The REF2021 results highlight many things we already know. We are a diverse, innovative and internationally excellent community of researchers. Our research environment underlines what a great place The University of Manchester is to undertake research, while the quality of our highly ranked outputs and impact cases demonstrate that our research is making a positive change across a wide variety of fields, spanning the full range of the humanities and social sciences.

We are delighted that six of our 20 Units of Assessment came in the top five nationally (by grade point average) and 14 are in the top 10.[1] The breadth and depth of our achievements in the REF is something for us all to celebrate, as the Faculty continues to go from strength to strength.

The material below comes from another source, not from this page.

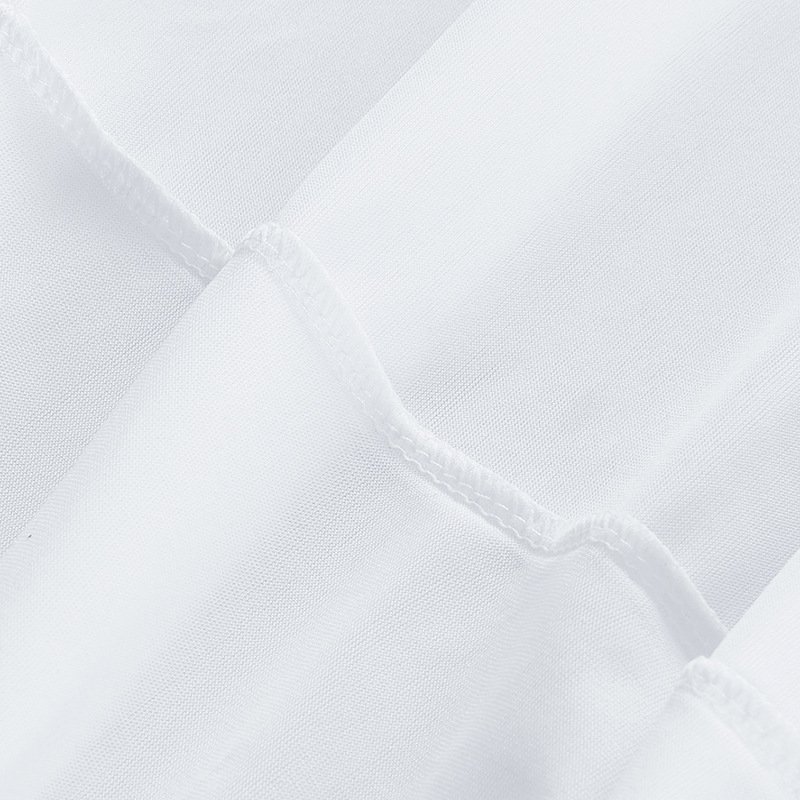 Wholesale Round Tablecloth Washable Polyester Fabric Bulk Linen Tablecloths Round Table Cover Table Cloths for Events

It is important to recall that the REF2021 submission was made in the most difficult of circumstances, during the height of the COVID-19 pandemic. We should be especially pleased with our achievements given the hurdles we faced in making REF2021 happen.

There are many takeaways from the REF2021 results, and much analysis will follow in the coming weeks and months. Above all, we have irrefutably demonstrated that the Faculty of Humanities is a powerful centre of world-leading and internationally excellent research.

Well done everyone!

Keith and Gerard

[1] Grade point average is a measure of the overall or average quality of research calculated by multiplying the percentage of research in each grade by its rating, adding them all together and dividing by 100.